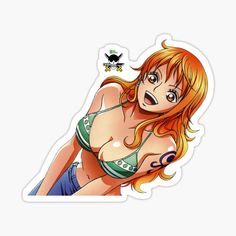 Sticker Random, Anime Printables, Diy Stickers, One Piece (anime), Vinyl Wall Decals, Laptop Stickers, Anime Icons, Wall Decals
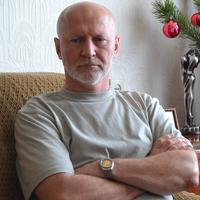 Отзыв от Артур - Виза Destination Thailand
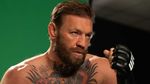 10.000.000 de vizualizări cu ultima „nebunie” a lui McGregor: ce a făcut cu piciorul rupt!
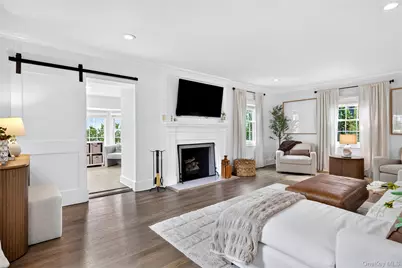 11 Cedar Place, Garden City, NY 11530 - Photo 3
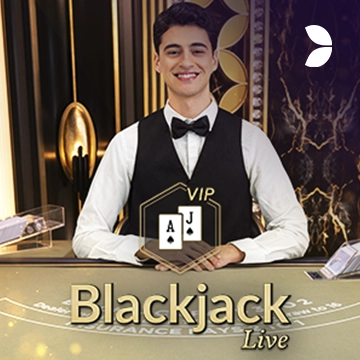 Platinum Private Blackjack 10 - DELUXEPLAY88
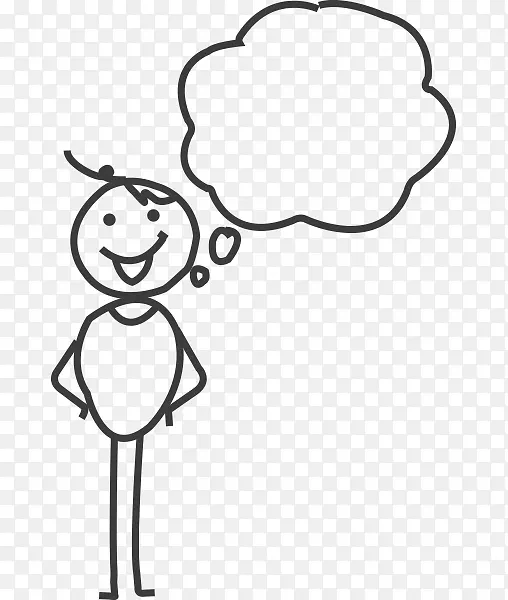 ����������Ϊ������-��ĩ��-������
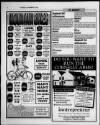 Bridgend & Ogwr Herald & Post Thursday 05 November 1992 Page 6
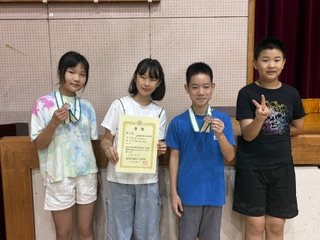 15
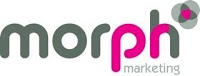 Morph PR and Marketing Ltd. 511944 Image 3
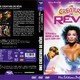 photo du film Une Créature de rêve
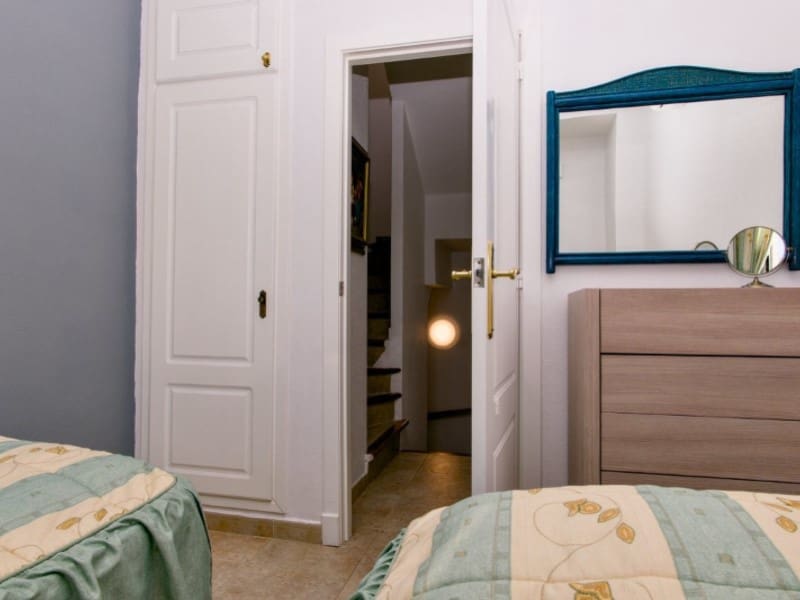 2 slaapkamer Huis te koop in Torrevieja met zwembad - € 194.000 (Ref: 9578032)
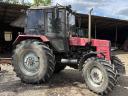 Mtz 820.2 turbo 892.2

- **Problem requirements**
Copy exactly the lines that run from the one containing "Platinum Private Blackjack 10 - DELUXEPLAY88" to the last line of the records, both included, and leave out every picture.

- **Response to this task**
 Platinum Private Blackjack 10 - DELUXEPLAY88
 ����������Ϊ������-��ĩ��-������
 Bridgend & Ogwr Herald & Post Thursday 05 November 1992 Page 6
 15
 Morph PR and Marketing Ltd. 511944 Image 3
 photo du film Une Créature de rêve
 2 slaapkamer Huis te koop in Torrevieja met zwembad - € 194.000 (Ref: 9578032)
 Mtz 820.2 turbo 892.2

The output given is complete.